AIM OF THE EXERCISE
Take the lines below between the one holding "Kawasaki ninja zx6r 2009" and the one holding "SULADA - SULADA", inclusive, and copy them exactly. Add nothing.

══ RECORDS TO USE ══

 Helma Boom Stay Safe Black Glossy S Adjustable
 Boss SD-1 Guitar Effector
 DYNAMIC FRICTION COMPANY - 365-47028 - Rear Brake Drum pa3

═══
══ RECORDS TO USE ══

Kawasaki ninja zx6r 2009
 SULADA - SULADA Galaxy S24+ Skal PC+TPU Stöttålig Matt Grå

═══

RESULT
Kawasaki ninja zx6r 2009
 SULADA - SULADA Galaxy S24+ Skal PC+TPU Stöttålig Matt Grå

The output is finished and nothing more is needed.